TASK BRIEF: Exactly the lines starting at the line containing "Aurora Lofoten, Northern" and ending at the line containing "Birds of Costa Rica" are to be written out from the listing below, both included.

SOURCE RECORDS:
-=-=-
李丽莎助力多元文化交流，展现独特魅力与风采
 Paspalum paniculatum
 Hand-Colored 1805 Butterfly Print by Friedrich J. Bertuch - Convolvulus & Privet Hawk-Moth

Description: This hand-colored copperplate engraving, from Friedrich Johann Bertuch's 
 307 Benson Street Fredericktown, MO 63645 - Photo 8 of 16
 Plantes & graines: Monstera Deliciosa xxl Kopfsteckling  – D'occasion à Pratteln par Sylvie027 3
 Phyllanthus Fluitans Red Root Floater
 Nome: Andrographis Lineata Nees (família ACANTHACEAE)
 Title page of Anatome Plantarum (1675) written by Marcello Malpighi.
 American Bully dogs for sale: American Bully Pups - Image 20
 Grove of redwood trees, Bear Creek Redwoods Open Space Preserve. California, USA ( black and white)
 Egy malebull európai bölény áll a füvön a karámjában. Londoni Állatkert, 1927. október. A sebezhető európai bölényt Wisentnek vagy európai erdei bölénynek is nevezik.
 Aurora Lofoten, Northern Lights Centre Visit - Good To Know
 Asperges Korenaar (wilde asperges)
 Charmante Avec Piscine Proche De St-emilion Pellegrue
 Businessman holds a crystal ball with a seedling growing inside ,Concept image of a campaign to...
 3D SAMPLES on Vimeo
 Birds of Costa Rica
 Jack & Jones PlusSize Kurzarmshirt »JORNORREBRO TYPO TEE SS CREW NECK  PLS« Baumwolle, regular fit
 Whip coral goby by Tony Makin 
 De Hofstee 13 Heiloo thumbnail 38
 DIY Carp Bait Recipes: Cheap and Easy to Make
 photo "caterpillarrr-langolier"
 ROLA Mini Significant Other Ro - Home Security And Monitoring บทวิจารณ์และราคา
-=-=-
RESULT OF THIS TASK:
 Aurora Lofoten, Northern Lights Centre Visit - Good To Know
 Asperges Korenaar (wilde asperges)
 Charmante Avec Piscine Proche De St-emilion Pellegrue
 Businessman holds a crystal ball with a seedling growing inside ,Concept image of a campaign to...
 3D SAMPLES on Vimeo
 Birds of Costa Rica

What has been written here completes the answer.